My colleagues at the Inland Norway University have just released a new book called Ikke bare god å snakke med [Not just good to talk to]. It covers all aspects of professional career guidance in Norway and includes two chapters co-written by me.

The book argues that career guidance addresses a range of big and small questions related to life, learning and work. In career guidance, professionals work to develop their students’ or client’s competence to handle the challenges and choices that various career transitions bring with them.

By the way, in Norwegian they have the word ‘veisøker’ which means wayfinder or pathfinder and which they use instead of the clunky ‘students and clients’ that we have to use in English. I like this because it defines the people who career guidance helps in their terms (they are seeking a career path) rather than just in terms of their relationship to us. Perhaps we should start using the term ‘pathfinder’ in English to talk about our students and clients.

The book goes on to explore how career guidance practitioners form guidance relationships to help pathfinders to sort through their experiences, interests, characteristics, wishes, needs and motivation. Career counsellors need to also know and have an understanding of the context in which life is lived: family, working life and society as a whole. And use different theories and method to put all of this together. These are big, big and important challenges within a field that, in Norway at least, is still fairly new.

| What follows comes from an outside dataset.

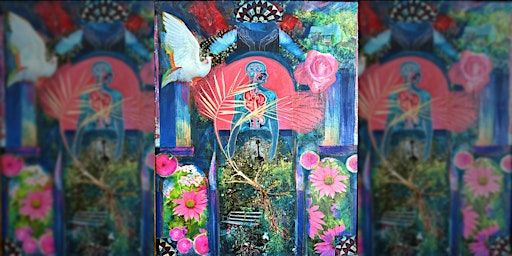 The Power of Place: Mixed Media Collage | Artspace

The book explores issues related to the professionalisation of the career guidance role in the light of the new Norwegian national quality framework for career guidance. The framework’s definitions of core terms such as career, career guidance, career learning, lifelong career guidance and guidance competence are the starting point for all the chapters in this anthology. The authors aim to contribute to deepening thinking in Norway and beyond about what is and what should be the competence of career counsellors.

The book is mainly in Norwegian, although a couple of chapters are in English. So it is probably most accessible to people who speak Nordic languages. For those who can read it, it offers a major contribution to thinking in the field.